⟨

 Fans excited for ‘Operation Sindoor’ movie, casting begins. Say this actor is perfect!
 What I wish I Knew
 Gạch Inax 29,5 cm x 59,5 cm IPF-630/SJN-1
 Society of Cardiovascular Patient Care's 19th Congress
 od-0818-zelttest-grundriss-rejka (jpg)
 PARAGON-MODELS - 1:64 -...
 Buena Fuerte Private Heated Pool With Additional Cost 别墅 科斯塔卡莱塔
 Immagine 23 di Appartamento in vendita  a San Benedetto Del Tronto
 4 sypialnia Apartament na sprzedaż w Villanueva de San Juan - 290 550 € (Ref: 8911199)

⟩
⟨

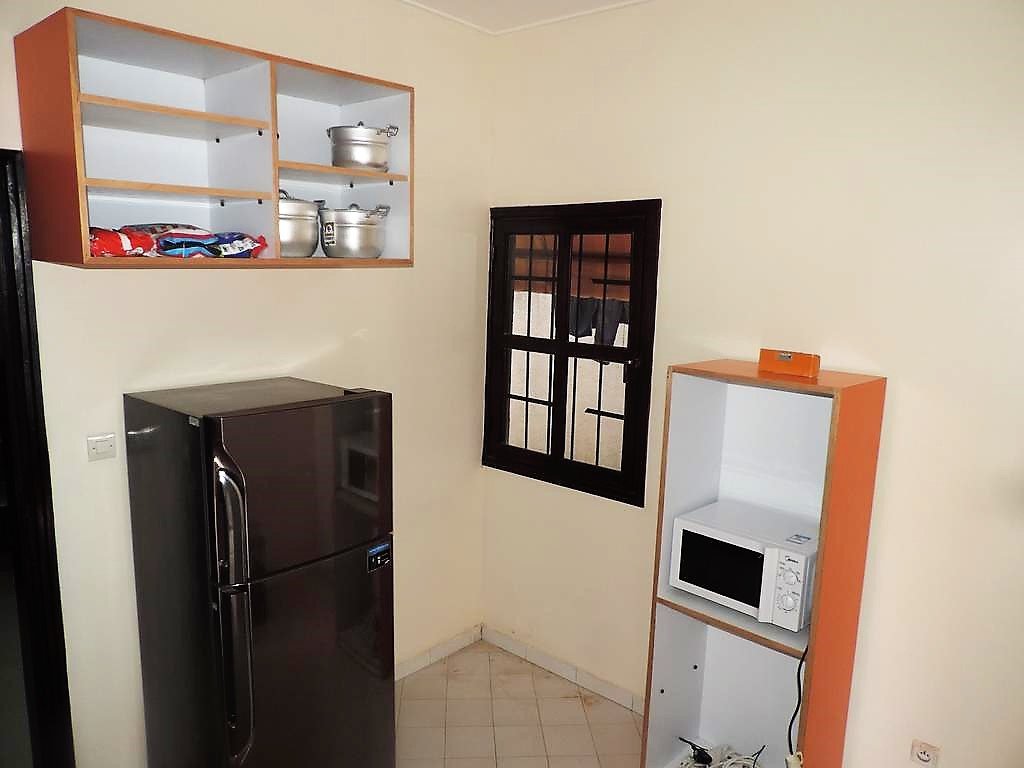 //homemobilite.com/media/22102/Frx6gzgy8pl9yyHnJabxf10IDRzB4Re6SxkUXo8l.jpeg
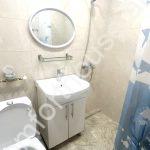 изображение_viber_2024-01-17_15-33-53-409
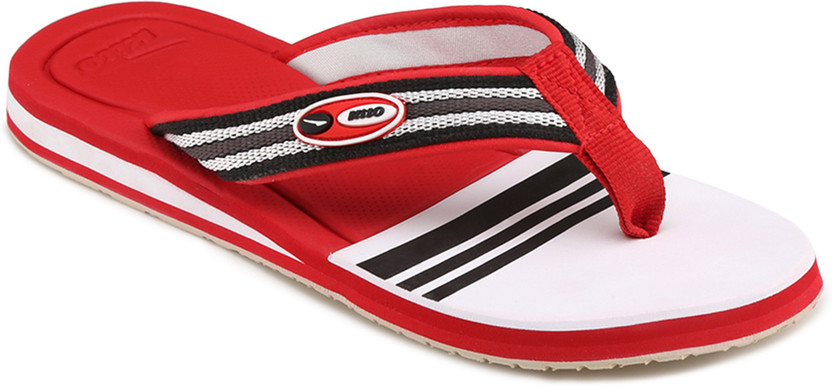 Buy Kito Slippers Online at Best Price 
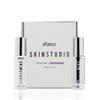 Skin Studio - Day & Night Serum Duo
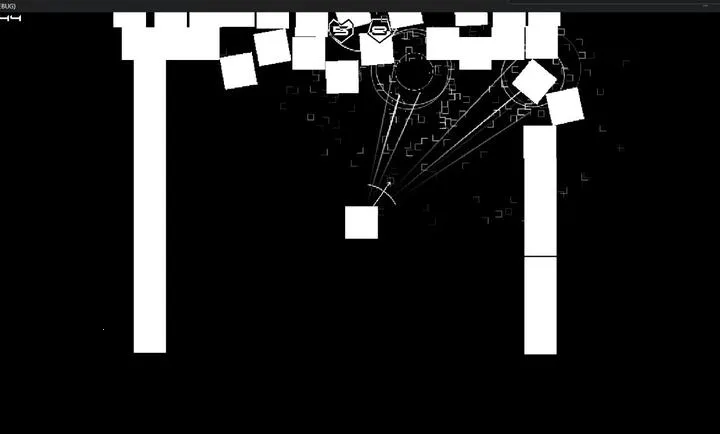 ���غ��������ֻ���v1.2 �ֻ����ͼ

⟩
⟨

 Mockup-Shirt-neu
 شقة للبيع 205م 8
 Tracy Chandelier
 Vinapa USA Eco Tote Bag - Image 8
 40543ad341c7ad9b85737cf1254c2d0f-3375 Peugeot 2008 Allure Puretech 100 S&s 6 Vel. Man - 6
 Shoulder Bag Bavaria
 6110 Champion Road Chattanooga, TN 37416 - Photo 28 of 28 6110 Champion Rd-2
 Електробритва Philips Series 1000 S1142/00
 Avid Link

⟩

Reproduce exactly the lines of the records above from the one with "What I wish I Knew" to the one with "4 sypialnia Apartament", both included, and leave out everything else.

Exercise solution
 What I wish I Knew
 Gạch Inax 29,5 cm x 59,5 cm IPF-630/SJN-1
 Society of Cardiovascular Patient Care's 19th Congress
 od-0818-zelttest-grundriss-rejka (jpg)
 PARAGON-MODELS - 1:64 -...
 Buena Fuerte Private Heated Pool With Additional Cost 别墅 科斯塔卡莱塔
 Immagine 23 di Appartamento in vendita  a San Benedetto Del Tronto
 4 sypialnia Apartament na sprzedaż w Villanueva de San Juan - 290 550 € (Ref: 8911199)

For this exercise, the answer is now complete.